I'm working on a program that requires loading of a large number of csv files (thousands of them) into an array.
The csv files are of dimension 45x100, and I want to create a 3-d array with dimension nx45x100. For now, I am using pd.read_csv() to load each csv file and then convert each into an array using np.array(). I then create a 3d array using np.array(data_0, data_1,...,data_n), to which I get a 3-d array with the required dimensions.
Although it works, it is very tedious. Is there any way that this can be done without individually reading and processing each csv file?
#this is my current code
import numpy as np
import pandas as pd
from pandas import Series, DataFrame
mBGS5L = pd.read_csv("strain5.csv") #45x100
mBGS8L = pd.read_csv("strain8.csv")
mBGS10L = pd.read_csv("strain10.csv")
mBGS5L_ = np.array(mBGS5L)
mBGS8L_ = np.array(mBGS8L)
mBGS10L_ = np.array(mBGS10L)
mBGS = np.array([mBGS5L_,mBGS8L_,mBGS10L_])

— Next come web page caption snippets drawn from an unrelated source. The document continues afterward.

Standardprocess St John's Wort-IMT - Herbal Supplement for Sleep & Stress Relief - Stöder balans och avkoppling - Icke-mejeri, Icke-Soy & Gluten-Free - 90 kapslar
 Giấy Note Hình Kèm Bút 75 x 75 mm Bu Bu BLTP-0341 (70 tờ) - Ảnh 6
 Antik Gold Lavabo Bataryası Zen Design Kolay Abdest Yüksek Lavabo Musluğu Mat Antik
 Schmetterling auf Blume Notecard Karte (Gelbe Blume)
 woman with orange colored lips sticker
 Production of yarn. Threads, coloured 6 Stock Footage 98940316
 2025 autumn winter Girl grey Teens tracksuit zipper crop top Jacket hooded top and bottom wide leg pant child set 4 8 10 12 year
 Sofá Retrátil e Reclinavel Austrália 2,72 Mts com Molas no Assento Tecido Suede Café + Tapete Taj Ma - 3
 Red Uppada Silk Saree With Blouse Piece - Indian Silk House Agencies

#to which mBGS.shape returns a 3x45x100 array'''
Note: I have checked other stackoverflow links on loading multiple csv files into 1 dataframe, to which I learned about glob to get the list of all csv files I need. My problem though is that using glob and concatenating the csv files returns a list and not a 3d array---which I can't convert to numpy array as it returns an error
from glob import glob
strain = glob("strain*.csv")
df= [pd.read_csv(f) for f in strain]
df_ = np.asarray(df)
#this returns an error: cannot copy sequence with size 45 to array axis with dimension 30
Any help would be greatly appreciated. Thanks